[Input data]:
┄┄┄┄┄┄

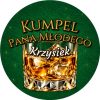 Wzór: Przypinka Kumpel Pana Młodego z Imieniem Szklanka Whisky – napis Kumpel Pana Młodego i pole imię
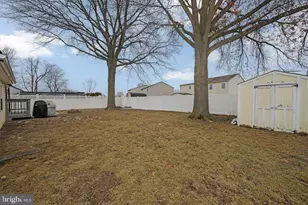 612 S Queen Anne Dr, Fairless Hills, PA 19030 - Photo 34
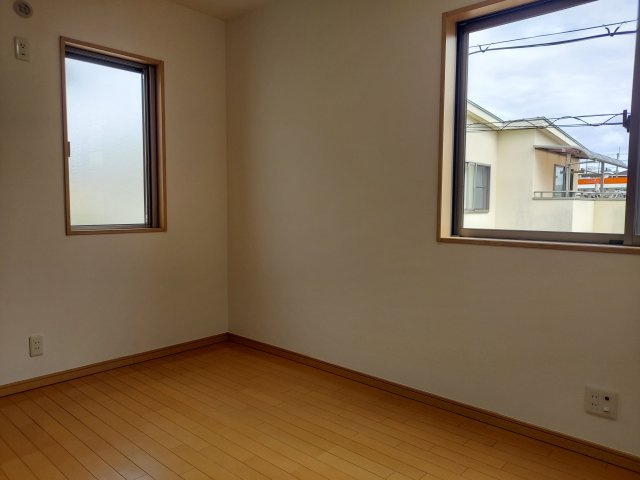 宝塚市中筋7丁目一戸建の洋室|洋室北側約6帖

┄┄┄┄┄┄

[Exercise description]: Starting with the line that contains "612 S Queen", repeat each line exactly through the last line of the data above, and nothing more; the pictures stay out.

[Your solution]:
 612 S Queen Anne Dr, Fairless Hills, PA 19030 - Photo 34
 宝塚市中筋7丁目一戸建の洋室|洋室北側約6帖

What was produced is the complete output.